A substantial number of companies have conducted privacy audits certainly now in view of the implementation of the GDPR to get a clear view on their data flows and security measures. These audits have often resulted in the implementation of overall privacy compliance projects, including the review and update of IT infrastructure, the conclusion of data transfer agreements or adoption of BCRs and the review and update of existing data processing agreements with third parties.

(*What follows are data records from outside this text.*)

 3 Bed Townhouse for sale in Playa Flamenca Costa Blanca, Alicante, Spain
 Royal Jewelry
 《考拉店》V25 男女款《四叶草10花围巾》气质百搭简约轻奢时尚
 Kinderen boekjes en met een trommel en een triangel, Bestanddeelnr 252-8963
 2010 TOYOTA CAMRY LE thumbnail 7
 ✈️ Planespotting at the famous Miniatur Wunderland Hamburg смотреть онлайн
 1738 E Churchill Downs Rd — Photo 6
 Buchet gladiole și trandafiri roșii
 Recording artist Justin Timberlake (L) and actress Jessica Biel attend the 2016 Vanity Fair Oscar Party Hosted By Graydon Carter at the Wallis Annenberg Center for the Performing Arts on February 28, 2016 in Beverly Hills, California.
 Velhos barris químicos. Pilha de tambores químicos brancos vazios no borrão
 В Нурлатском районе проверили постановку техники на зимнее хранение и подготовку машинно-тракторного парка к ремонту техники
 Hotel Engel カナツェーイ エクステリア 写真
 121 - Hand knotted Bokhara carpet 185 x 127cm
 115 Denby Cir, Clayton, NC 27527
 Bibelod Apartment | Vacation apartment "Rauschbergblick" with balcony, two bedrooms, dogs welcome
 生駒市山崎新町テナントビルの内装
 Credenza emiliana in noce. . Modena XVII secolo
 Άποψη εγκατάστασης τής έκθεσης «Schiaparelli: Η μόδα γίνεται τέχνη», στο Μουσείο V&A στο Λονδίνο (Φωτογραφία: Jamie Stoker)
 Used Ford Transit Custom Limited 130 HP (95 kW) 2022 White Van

In large organisations, it is considered best practice to have written information security plans. Although this is also not required by law, it proves very useful, as companies are required to present a list of existing security measures when they notify their data processing operations to the DPA. The DPA has also recommended that companies have appropriate information security policies to avoid or address data security incidents. This has become even more important now in view of the short deadlines for data breach notifications under the GDPR.

On 14 June 2017, the DPA published a recommendation on processing-activity record-keeping as discussed above. As from the entry into force of the GDPR in 2018, organisations processing personal data within the EU must maintain Records of their processing activities. Organisations with fewer than 250 employees are exempted from keeping such records, unless their processing activities:

  1. are likely to result in a risk to the rights and freedoms of data subjects (e.g., automated decision-making);
  2. are not occasional; or
  3. include sensitive data.

On the basis of the above-mentioned non-cumulative conditions, it may be expected that basically all organisations processing personal data will have to maintain records of their processing activities in practice, even if they employ fewer than 250 people. The DPA advises all companies to do so.

In substance, these records should contain information on who processes personal data, what data is processed and why, where, how and for how long data is processed.


Pursuant to the Belgian Code of Criminal Procedure, the public prosecutors and the examining magistrates have the power to request the disclosure of personal data of users of electronic communications services (including telephone, email and internet) in the context of criminal investigations. Examining magistrates may also request technical cooperation of providers of electronic communications service providers and network operators in connection with wiretaps.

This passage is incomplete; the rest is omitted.